Tuesday, April 29, 2008

Can Jane Eyre Be Happy?

About a month ago, in a fit of romantic indulgence, I rewatched the Timothy Dalton BBC version of Charlotte Brontë’s Jane Eyre. This movie reminded me of a book I read nearly ten years ago: Can Jane Eyre Be Happy?

I immediately set out to track down and reread the book, finally ordering a copy off eBay. Sadly, my copy didn’t arrive on my doorstep until a month after I ordered it. However, my bellyaching is best reserved for eBay’s feedback section.

Can Jane Eyre Be Happy? is the second in a series of three books by John Sutherland, an English professor and literary critic (the other two books are Is Heathcliff a Murderer? and Who Betrays Elizabeth Bennett?). These books answer dozens of literary questions: “Who is Tom Jones’s Father?” “How Vulgar is Mrs. Elton?” “Is Daniel Deronda Circumcised?”

Sutherland uses the texts and literary criticism to answer his queries. Although I don’t always agree with his conclusions, Sutherland clearly and convincingly details how he develops his answers.

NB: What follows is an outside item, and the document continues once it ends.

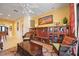 Bright living room with built-in shelving, comfortable seating, and a large window at 3706 80Th E Dr, Sarasota, FL 34243
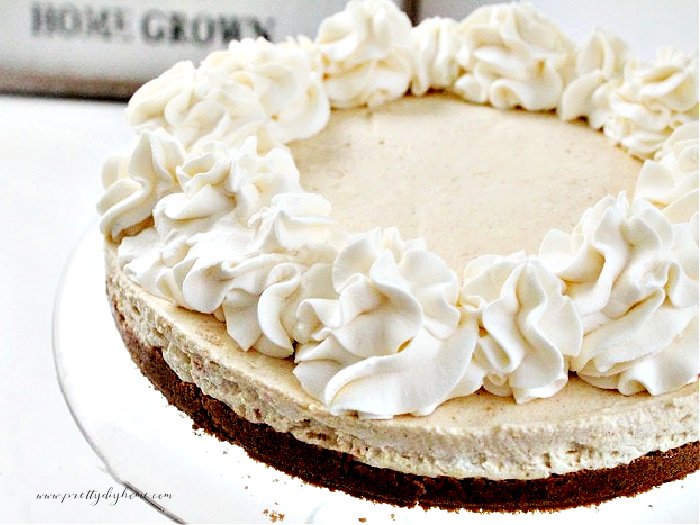 A large homemade pumpkin cheesecake recipe with layers of gingergread crust, pumpkin cream cheese filling and large swirls of whipped cream with cinnamon sugar.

For example, in an essay speculating on whether or not Angel eventually marries Liza-Lu Derbyfield in Thomas Hardy’s Tess of the D’Urbervilles, Sutherland refers to the text but also British marriage laws. Could Angel marry Liza-Lu? Not legally.

So, is Jane happy? I won’t divulge Sutherland’s complete answer, but I will tell you he hypothesizes that Jane is Rochester’s “faute de mieux” (for lack of something better). My romantic-potentially-biased answer? Jane Eyre Rochester lives in absolute and perfect bliss.

1 comment:

The Aspirant said...

Please save your copy so I can read it later. Thank you very much.